(Provided records begins)
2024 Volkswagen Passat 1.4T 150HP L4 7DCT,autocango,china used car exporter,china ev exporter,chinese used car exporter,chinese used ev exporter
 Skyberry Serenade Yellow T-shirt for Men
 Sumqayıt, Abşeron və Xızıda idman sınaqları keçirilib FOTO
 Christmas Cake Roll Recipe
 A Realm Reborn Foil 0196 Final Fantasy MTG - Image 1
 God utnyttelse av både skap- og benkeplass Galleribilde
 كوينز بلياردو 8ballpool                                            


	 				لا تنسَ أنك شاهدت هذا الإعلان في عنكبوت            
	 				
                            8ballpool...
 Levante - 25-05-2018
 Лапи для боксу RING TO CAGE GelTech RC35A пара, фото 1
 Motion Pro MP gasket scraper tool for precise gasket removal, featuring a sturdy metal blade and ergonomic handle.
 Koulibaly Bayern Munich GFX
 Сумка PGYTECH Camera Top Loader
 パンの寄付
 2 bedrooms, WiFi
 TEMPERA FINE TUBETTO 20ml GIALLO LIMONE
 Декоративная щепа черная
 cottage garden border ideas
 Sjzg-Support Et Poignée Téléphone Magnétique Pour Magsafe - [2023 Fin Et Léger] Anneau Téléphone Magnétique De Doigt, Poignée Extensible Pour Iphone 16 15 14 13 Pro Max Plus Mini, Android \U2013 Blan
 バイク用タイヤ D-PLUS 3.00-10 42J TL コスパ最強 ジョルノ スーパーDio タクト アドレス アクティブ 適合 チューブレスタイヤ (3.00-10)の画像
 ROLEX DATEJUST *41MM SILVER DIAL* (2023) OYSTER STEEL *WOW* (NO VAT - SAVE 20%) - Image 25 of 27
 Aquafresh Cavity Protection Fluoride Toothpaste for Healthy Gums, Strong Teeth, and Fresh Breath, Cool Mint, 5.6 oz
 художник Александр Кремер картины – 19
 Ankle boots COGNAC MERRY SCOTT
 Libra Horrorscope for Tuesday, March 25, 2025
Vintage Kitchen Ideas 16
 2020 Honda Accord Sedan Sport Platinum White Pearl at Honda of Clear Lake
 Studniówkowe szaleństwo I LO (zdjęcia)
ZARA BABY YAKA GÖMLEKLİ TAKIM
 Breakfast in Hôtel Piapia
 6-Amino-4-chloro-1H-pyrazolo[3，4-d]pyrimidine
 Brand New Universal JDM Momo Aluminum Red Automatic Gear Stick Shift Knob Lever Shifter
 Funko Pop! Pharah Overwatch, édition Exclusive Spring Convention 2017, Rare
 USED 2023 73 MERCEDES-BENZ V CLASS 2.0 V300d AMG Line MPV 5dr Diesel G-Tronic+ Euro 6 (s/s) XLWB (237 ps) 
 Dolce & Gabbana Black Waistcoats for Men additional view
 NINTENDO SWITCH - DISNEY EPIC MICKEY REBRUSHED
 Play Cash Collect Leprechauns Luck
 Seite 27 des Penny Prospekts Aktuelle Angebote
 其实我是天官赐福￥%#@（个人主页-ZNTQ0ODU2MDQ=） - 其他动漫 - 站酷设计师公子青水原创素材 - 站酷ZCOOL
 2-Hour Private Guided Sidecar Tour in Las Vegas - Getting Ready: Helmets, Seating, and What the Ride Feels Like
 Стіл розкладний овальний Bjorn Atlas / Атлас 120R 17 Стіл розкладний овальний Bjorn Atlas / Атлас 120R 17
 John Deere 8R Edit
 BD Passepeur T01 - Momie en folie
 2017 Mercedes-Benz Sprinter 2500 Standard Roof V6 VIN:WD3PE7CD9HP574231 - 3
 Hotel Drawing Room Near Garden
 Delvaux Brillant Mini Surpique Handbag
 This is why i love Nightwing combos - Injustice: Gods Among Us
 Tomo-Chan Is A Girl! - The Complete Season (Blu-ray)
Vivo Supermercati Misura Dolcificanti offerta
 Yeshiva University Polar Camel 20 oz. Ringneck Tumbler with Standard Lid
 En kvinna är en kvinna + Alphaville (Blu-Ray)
(Provided records ends)
## Required work
All that is needed is how many lines of the data contain "Standard", stated as a number.

## Answer to this exercise
2